6. Nos EUA, dois fatos contribuíram para o aumento dos preços do barril:

a) Os cortes nos investimentos de capital por parte das multinacionais na extração do petróleo de xisto como resposta à queda dos preços. Pois cada barril lhes está custando entre 70 e 80 dólares (diante dos 15-20 dólares no Oriente Médio) e um petróleo por menos desse preço, obviamente, não é rentável. Com isso, nos EUA e no Canadá, cerca de 90 plataformas de exploração fecharam. BP perdeu bilhões de dólares em todo o mundo e planeja reduzir suas atividades de exploração à metade e os investimentos até 20%. A Chevron está em situação parecida.

b) A greve de cerca de 4 mil trabalhadores das empresas Royal Dutch Shell Oil e BP em nove refinarias em Ohio, Califórnia, Kentucky, Texas e Washington, iniciada em 1° de fevereiro. Exigem um convênio coletivo para o setor, a redução do número de trabalhadores não sindicalizados e melhorias nas condições de segurança e saúde, em uma greve que é a primeira dessa envergadura há várias décadas.

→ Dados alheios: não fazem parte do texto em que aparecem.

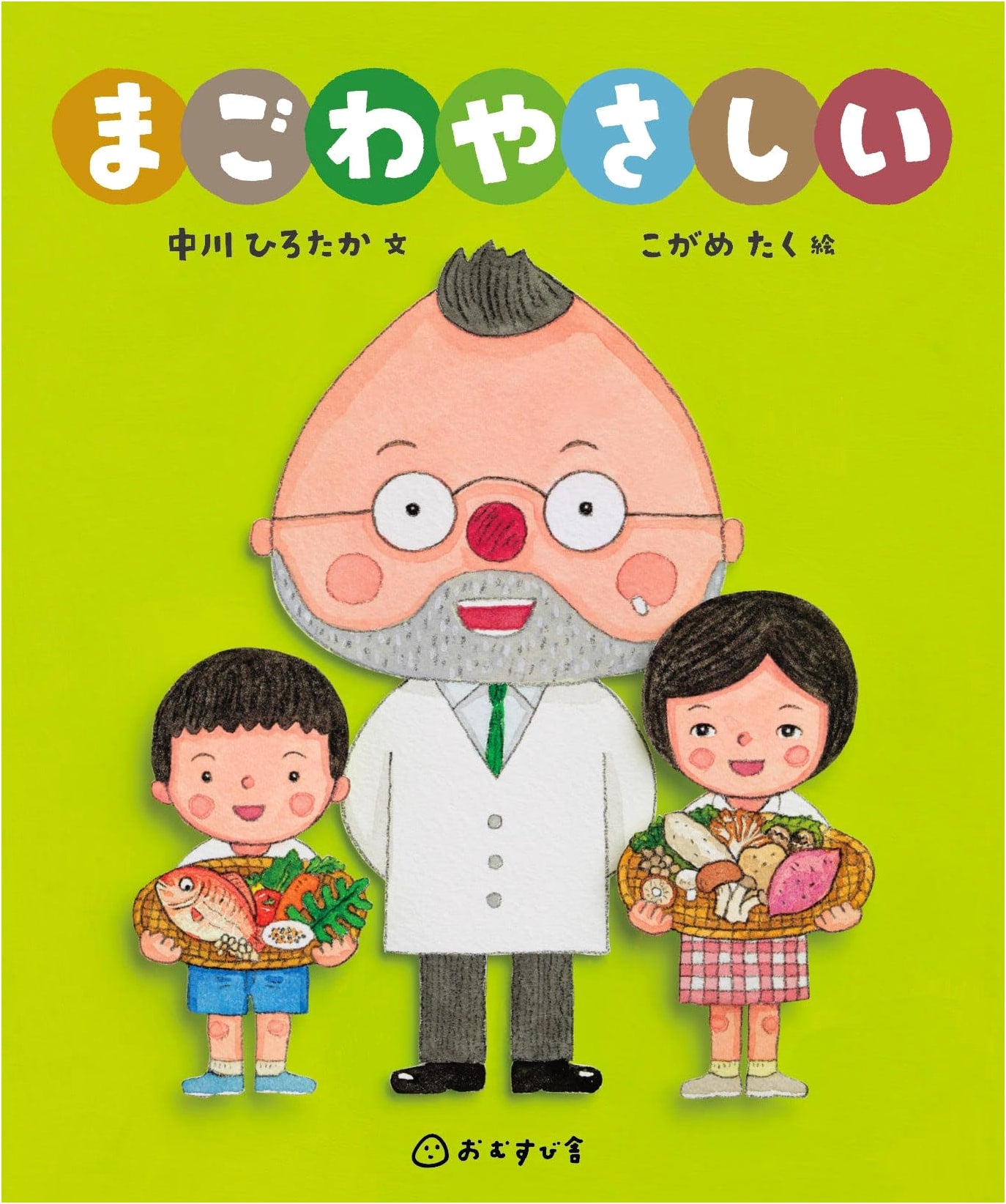 Magowayasashii: A Japanese Guide to Wholesome & Balanced Eating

7. O aumento da tensão na Líbia e a perda de 800 mil barris em um incêndio.

8. O perigo de instabilidade social em países aliados aos EUA, como Iraque (incluindo seu Curdistão) ou Nigéria, pela queda dos petropreços.

O único e grande triunfo dos EUA e da Arábia Saudita nessa história até o momento foi transformar a OPEP em espectro do que foi entre 1960 e 1990, e não apenas porque sua cota de mercado caiu de 62% para os 30% de hoje, mas porque a Arábia, o Kuwait e os Emirados Árabes Unidos fizeram uma frente contra pesos pesados da organização, tais como Irã, Iraque, Argélia, Venezuela e Equador.

Os preços do petróleo tocaram fundo. É perfeitamente lógico que o “Naft” (seu nome em persa, e do qual vêm palavras como “naftalina”) não apenas recupere seu preço – que hoje é mais barato do que uma garrafa de bom vinho –, mas também seu valor: é o resultado de milhões de anos do esforço “não renovável” da natureza."